Mas, quando tive a oportunidade de assistir o primeiro episódio de “Sherlock”, seriado da BBC de 2010, onde Benedict Cumberbatch dá vida a Holmes, a sensação é muito diferente. O seriado inglês tem apenas três episódios por temporada, mas, cada um deles tem uma hora e meia de duração, funcionando mais como um filme.
As histórias acontecem nos dias atuais, e o excêntrico Sherlock Holmes (Cumberbatch) divide o apartamento com John Watson (Martin Freeman), um médico do exército inglês traumatizado pela experiência da guerra no Afeganistão.
Apesar de acontecer num mundo moderno, todos os episódios são baseados nas histórias originais de Doyle, mantendo fidelidade principalmente no que concerne à personalidade dos principais personagens.
Como a maioria das produções da BBC, a serie é primorosa, com produção equivalente à do cinema, histórias muito bem escritas e encenadas, e os dois atores principais são agora estrelas de primeira grandeza: Cumberbatch estrelou recentemente “Doutor Estranho”, enquanto Freeman foi o personagem título da trilogia “O Hobbit”.

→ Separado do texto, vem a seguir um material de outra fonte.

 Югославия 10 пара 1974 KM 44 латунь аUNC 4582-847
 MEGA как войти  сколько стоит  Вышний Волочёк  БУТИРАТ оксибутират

Devido ao enorme sucesso da primeira temporada, em 2010, “Sherlock” teve uma segunda e uma terceira temporada, também de três episódios, exibidas em janeiro de 2012 2014, respectivamente. Em 2016 foi exibido um único episódio, “The Abominable Bride”, onde os personagens vivem em 1890. A quarta temporada estreia agora em janeiro de 2017, com os episódios “The Six Tatchers”, “The Lying Detective”, e “The Final Problem”.
O seriado “Elementary” segue por outra vertente, mas, não menos interessante. Sherlock Holmes (Jonny Lee Miller) acaba de sair de uma clínica de recuperação de viciados em drogas, e a doutora Joan Watson (Lucy Liu) é contratada para acompanhá-lo no período de recuperação.
Mas, o que ela não esperava é que ele tivesse como principal atividade a de consultor da polícia de Nova York, onde vivem. Aos poucos, ela começa a entender e envolver-se no que ele faz, a ponto de ele decidir tomá-la como sua sócia. Aqui também foram mantidas as características dos principais personagens, embora nomes, situações e eventos dos livros sejam mostrados de forma diversa.
Diferentemente da série inglesa, “Elementary” teve a primeira temporada com 22 episódios de 40 minutos, e o último com 90. Atualmente o seriado está em exibição da quinta temporada, sendo mantidos os mesmos atores. Além de Miller e Liu, também se destacam Aidan Quinn e Jon Michael Hill, como oficiais da polícia de NY.
As duas séries citadas já foram lançadas em DVD/Blu-Ray, a menos das temporadas ainda em exibição na TV. É importante perceber que são formatos diferentes, que talvez atraiam públicos também diferentes, sendo o inglês mais para os cinéfilos, enquanto o americano mais para o espectador habituado com seriados com episódios curtos e variados.
Embora a percepção do herói seja diferente para cada um, estas produções trazem um frescor ao personagem, posicionando-o num ambiente moderno, mas, mantendo uma razoável fidelidade que certamente agradaria Conan Doyle, mesmo que este não gostasse do fato de sua criação ter se tornado maior que ele próprio.